# Tibetan: unknown text



## 53RG10

Hello everybody, 

I found this message in a pendant and I was wondering what it could mean. 
I could not find any information about this language.

Here is the scan 

Thanks for your time


----------



## anthox

This is interesting. To me it superficially resembles Tibetan (if read left-to-right with red line on top), though I'm quite certain it's not. I suspect it reads right-to-left, with diacritic marks on top, and is probably syllabic, owing to the infrequent repetition of signs (though some occur right next to one another). 

OP, do you have any other context about the pendant (what it depicts, where you got it, etc.), and is there anything else on the sheet this text is printed on?


----------



## Delvo

I believe it's Mongolian, but I can't read it.


----------



## qrokjae

It is Tibetan alphabet obviously.
And the picture is upside down.


----------



## anthox

What led me away from the idea that it is Tibetan, is the lack of "tshegs" separating the syllables, and the apparent directive to read the script right-to-left. However, I'm only superficially familiar with printed Tibetan scripts, and this appears handwritten. Looking closer at some of the letters, I see how some of them correspond to the standard printed form. We can also note the 'OIO' pattern which appears to be some kind of punctuation marker, such as is visible in the attached photo of Sanskrit rendered in Tibetan script. Possibly the text represents a mantra. Unfortunately, I can't read it.


----------



## 53RG10

Thank you for your answers!
I can confirm it is Tibetan; I forgot to mention that on the other side of this paper there are 5 stripes: violet, white, red, green and yellow, which are the colors of the Tibet flag.
By the way, it looks like it is printed and not handwritten or if it is, then this should be a copy.

There is also a symbol on the pendant, a bit difficult to see, I will take a picture soon and I will upload it.
I will let you know if I discover anything new about it.

Thank you again for your help!

Happy New Year!

P.S. I found the pendant on the sidewalk.


----------



## SheilaS

It's likely a Sanskrit mantra written in Tibetan script (hence all the crazy stacking to represent Sanskrit sounds) but I'm having a hard time figuring out which mantra.
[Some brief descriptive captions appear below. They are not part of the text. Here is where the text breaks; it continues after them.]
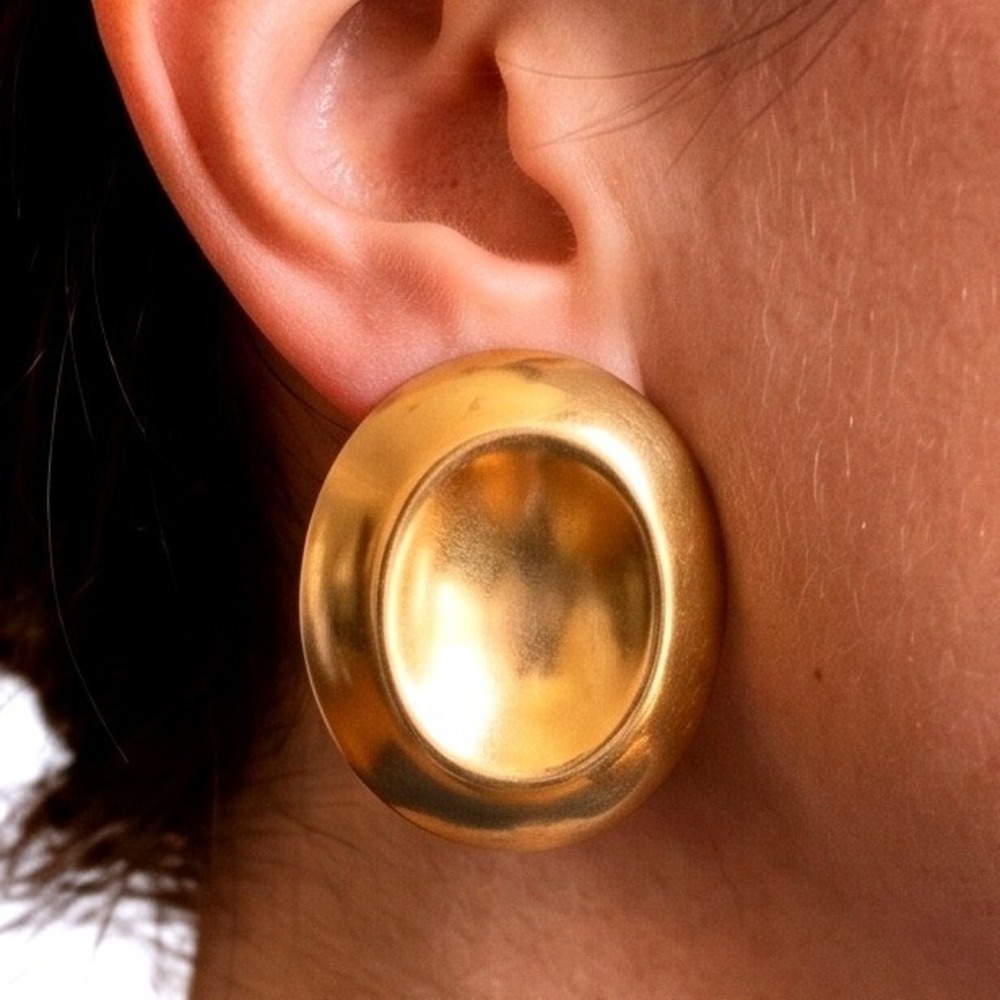 Sue Ellen Vintage Gold Tone Oval Button Clip-On Earrings Brushed Metallic Finish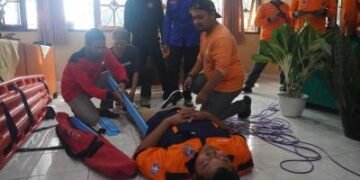 BPBD BATANG LATIH RELAWAN DAN TRC DALAM PENANGGULANGAN BENCANA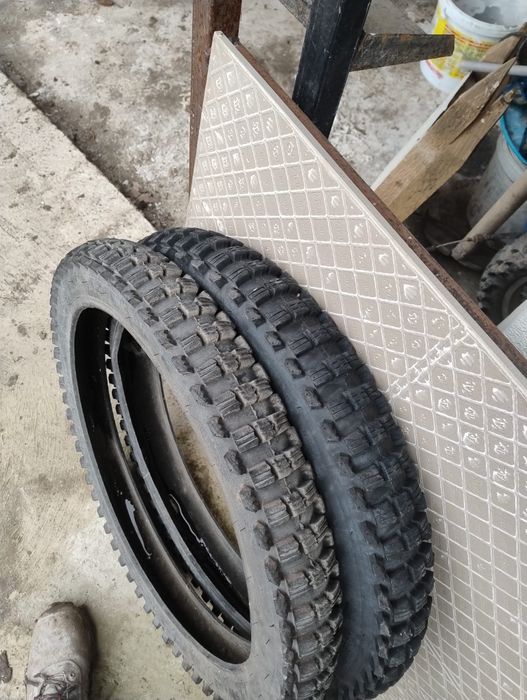 Cauciucuri cross pe 22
It starts (possibly) with "Om thi" or "om thin."


----------



## Dib

It's Tibetan script all right. But, I fail to make out any Sanskrit word in there. There are even weird conjuncts (from the Sanskrit point of view) like "th with subscript h" and "th-b-k-r". Is it all just gibberish in a pretend-Sanskrit orthography?


----------



## SheilaS

I definitely wondered about the gibberish possibility! Although it starts with a proper "Om," and is in reproduced handwriting (as opposed to computer generated font). The typeset (or handset depending on your definition lol) and ink color look very much like something that would have come out of India or Nepal, if not Tibet itself. I have, for the first half:

Om thunk'a thhubba' bba' thbarth'a bbaha tha tṛṣā thha bbaod thurga thha bb[X] tsge med.

In several spot, (for example the "me" of "med") is actually the Sanskrit rather than Tibetan character - very baffling. "Tṛṣā" or "strong desire" is certainly a perfectly good Skt word, and the "med" on the end (oddly with a Sanskrit "m") is certainly a good Tibetan word and in the proper place for its meaning, "not."

The fact that the text is repeated twice leans toward mantra, as do the liturgical punctuation marks (like the small circle over small horizontal line over small circle).

I almost wonder if it's code - someone trying to sneak out a message from Tibet disguised as a mantra. the "bbaod" jumped out at me; "bod" is Tibet, and the writer could be shrouding "bod" in some extra letters to make it harder for Chinese censors.

Reminds me a bit of English children's code that renders (for example) "dog" as "dod-o-gog."

Continuing to work on this!


----------



## Dib

I mostly agree with your reading except at two places.

1) Instead of tṛṣā, I read ṭ.hya-śa
2) Instead of bbaod, I read gbo-ta (which may still be a crypto-spelling for bot/bod = Tibet)

I doubt, it provides any insight into the nature of the "text" though. Like you, I also suspect, it is either gibberish or a code.


----------



## SheilaS

Very much appreciate your corrections! I suppose the far more boring possibility is that a Chinese trinket-maker simply wanted to sell something and was trying his hand at Tibetan calligraphy, lol. But...the proper use of the "om" followed by the proper punctuation (shad), the gter sprinkled in, etc., has me wondering. I realize the text is MUCH longer than I originally thought - hadn't realized the scroll bar could keep going! Will keep transcribing, and very much appreciate all observations.


----------



## SheilaS

I have the question in to several Buddhist forums - hoping to hear back!


----------



## SheilaS

53RG10 said:


> Thank you for your answers!
> I can confirm it is Tibetan; I forgot to mention that on the other side of this paper there are 5 stripes: violet, white, red, green and yellow, which are the colors of the Tibet flag.
> By the way, it looks like it is printed and not handwritten or if it is, then this should be a copy.
> 
> There is also a symbol on the pendant, a bit difficult to see, I will take a picture soon and I will upload it.
> I will let you know if I discover anything new about it.
> 
> Thank you again for your help!
> 
> Happy New Year!
> 
> P.S. I found the pendant on the sidewalk.



Hello 53RG10! Do you have a picture of the pendant yet, by chance? Thanks so much!


----------